次の個所では、事件の核心に触れる重要な点について、両新聞の報道内容に大きなずれがあります。
(中日)
> 続いて今月五日午後八時ごろから、同じ右翼関係者のものとみられる街宣車
>と暴走族風のバイク約五十台が団地内の道路を流し「ブラジル人出てこい」と呼
>び掛けた。署員ら約三十人が警戒したが、外国人側に目立った動きはなかった。
(IP)
> バス1台、乗用車10台、オートバイ72台から成る極右のコンボイが保見ケ丘
>に現われ、「ブラジル人は日本から出て行け」と叫んだ。
> 180人もの日本人が、手に手に鉄パイプ・木刀・ゴルフクラブ・野球バットな
>どを持ち武装し、日本人を襲ったブラジル人の若者たちを捜して回った。
> 極右集団には、10台ばかりのパトカーと私服警察官が付き添っていた。
> 該当するブラジル人たちは、結局見つからなかった。
IPの報道に間違いが無いとしたら、極右集団は凶器準備集合罪で現行犯逮捕されねばならぬはず。冷静に考えれば確かに、何も持たずに襲撃をかけるとは考えづらい。凶器による犯行の実績もあった。愛知県警は一体、何の目的で現地に展開していたのでしょうか。

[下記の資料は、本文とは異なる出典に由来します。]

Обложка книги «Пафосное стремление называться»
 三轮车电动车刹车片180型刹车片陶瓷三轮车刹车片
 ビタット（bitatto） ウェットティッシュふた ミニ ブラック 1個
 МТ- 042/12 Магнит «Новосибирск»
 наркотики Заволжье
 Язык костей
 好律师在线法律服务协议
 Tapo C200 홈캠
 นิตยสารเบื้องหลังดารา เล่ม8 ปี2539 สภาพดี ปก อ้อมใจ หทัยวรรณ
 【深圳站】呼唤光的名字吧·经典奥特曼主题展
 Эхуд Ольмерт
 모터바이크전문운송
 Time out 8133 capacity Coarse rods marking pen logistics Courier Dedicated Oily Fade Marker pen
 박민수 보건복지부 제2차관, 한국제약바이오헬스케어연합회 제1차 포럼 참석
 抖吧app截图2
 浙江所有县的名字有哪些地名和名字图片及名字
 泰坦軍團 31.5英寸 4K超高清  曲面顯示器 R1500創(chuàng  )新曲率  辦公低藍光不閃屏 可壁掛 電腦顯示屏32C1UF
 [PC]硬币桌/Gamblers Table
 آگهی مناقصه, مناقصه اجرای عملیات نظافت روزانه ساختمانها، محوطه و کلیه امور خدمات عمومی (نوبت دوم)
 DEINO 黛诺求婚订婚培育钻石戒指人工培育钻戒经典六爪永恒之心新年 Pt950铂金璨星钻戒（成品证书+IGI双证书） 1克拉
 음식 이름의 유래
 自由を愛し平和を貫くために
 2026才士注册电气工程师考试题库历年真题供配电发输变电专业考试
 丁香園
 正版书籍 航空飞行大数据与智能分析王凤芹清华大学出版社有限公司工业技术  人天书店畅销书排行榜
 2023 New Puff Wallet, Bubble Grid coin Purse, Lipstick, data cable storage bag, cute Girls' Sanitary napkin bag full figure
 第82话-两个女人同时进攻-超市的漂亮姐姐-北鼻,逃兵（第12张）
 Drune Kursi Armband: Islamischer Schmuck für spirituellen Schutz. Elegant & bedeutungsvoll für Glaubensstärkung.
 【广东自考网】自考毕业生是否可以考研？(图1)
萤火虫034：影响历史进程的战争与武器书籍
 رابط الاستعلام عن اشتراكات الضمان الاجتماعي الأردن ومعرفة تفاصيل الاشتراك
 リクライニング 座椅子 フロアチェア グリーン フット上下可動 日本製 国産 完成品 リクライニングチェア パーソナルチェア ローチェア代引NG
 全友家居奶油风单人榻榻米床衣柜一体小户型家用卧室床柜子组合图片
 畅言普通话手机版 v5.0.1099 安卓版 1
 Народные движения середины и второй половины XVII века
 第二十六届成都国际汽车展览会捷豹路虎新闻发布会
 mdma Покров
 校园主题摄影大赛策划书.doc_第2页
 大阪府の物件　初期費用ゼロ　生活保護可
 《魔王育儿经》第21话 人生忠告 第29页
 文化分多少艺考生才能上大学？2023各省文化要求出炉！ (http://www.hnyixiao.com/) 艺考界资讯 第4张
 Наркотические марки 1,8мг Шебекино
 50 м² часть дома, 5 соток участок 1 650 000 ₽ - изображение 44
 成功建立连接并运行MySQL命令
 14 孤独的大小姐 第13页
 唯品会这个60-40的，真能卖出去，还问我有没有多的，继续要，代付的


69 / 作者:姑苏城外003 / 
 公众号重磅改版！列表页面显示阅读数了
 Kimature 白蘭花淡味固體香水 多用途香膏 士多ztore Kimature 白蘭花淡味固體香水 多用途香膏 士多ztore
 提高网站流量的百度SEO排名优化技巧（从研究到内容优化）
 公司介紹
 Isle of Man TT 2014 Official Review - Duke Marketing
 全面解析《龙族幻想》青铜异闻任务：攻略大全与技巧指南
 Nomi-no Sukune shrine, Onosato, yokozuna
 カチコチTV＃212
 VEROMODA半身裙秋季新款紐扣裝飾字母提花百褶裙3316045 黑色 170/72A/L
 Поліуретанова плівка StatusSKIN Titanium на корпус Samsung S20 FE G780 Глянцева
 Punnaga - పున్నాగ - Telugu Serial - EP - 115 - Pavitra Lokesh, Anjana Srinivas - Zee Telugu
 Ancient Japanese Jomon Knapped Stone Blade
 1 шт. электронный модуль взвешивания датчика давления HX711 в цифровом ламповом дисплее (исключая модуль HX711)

次の部分では、IPでは街宣車が燃やされた事実しか取り上げていないので、IP記事は省略します。
(中日)
> しかし、六日午後十時二十分ごろ、一連の騒ぎに全く関係がなく、たまたま同
>団地に近い路上に駐車していた別の右翼団体の街宣車が何者かに放火され、
>全焼した。同団体の関係者十数人が付近に集まった一方、現場から北西約五百
>メートルのコンビニエンスストア駐車場に外国人たちが集まる騒ぎになったため、
>県警機動隊など警官約八十人が緊急出動。一部は明け方まで付近で警戒を続
>けた。
>
> 同署は放火事件の捜査を進めるとともに当面、連日午後七時から深夜まで団
>地内での警戒を続けるほか、騒ぎの関係者にも呼び掛けて再発防止に努める。
>ただ、同署では「対立は一過性のものではなく、背景に以前からの感情的な対立
>があるのでは」(山本盛義署長)と推測している。
>
> 暴走族と外国人との対立をめぐっては、昨年七月、同市の名鉄豊田市駅前で
>帰宅途中の男性会社員(29)に集団リンチを加えたとして、今年二月に傷害の疑
>いで逮捕された暴走族メンバーの少年九人は調べに対し「ブラジル人と思って襲
>った」と供述。事前に「ブラジル人らしい」別のグループとの衝突があったことが
>分かった。一九九六年にも、保見団地で右翼関係者と外国人の間でトラブルがあ
>ったという。
これより先の部分で、中日新聞はかなり卑しい報道姿勢を採っています。悪いのはブラジル人で、善良な一般市民には迷惑千万だと強調している。
(中日)
> 十年前から同団地で暮らす日本人の男性会社員は「街宣車が目立ってきたのは
>ここ一週間ほど。何が起きているか分からず、静観するしかない。ブラジル人がす
>べて悪いわけではないが、数年前から団地が悪く言われているだけにかなわな
>い」。同団地に六年間住む日系ブラジル人女性(29)は「先日も、日本人と日系
>人の有志でお祭りを開き、多くの日本人が来てくれ好評だったのに…。お互いを
>尊重しようとしてきたことが(今回の騒動で)台無し」とがっくり。「問題を起こ
>すのは、いつも悪い人たち。日本人から『すべてのブラジル人が悪い』と言わ
>れるのはつらいです」と嘆いていた。
>
>またトラブル・・・ 住民あきらめ顔
> 「街宣車を最近よく見かけるなぁと思っていたけど、なにかあったんですか」
>−。豊田署の「特別警戒班」が七日夜出動したが、約一万千人が暮らすマンモス
>団地の住民の中には「かなり危険な状態」という一方で、冷めた見方をしている
>住民も多い。
> 同団地で暮らす日系ブラジル人の数は推定約三千人。バブル期に企業が日系
>人の社宅として団地の部屋を借り上げたことと、一九九〇年に日系二、三世の定住
>が認められたことで日系人が増え、それに伴い日本人住民との間でここ数年、深夜
>の騒音やベランダからのごみ投棄などのトラブルも急増していた。
>
> 日本人と日系人それぞれの側から関係正常化に向けた動きが昨夏ごろから高
>まっていた中での今回の新たな騒動に、住民らは「またか」と一様にあきらめ顔
>だ。日本人の五十代男性は「(両方から)へんに言いがかりを付けられても困る
>ので、家族には『見ざる、聞かざる、知らざる』にしようと話し合っています」。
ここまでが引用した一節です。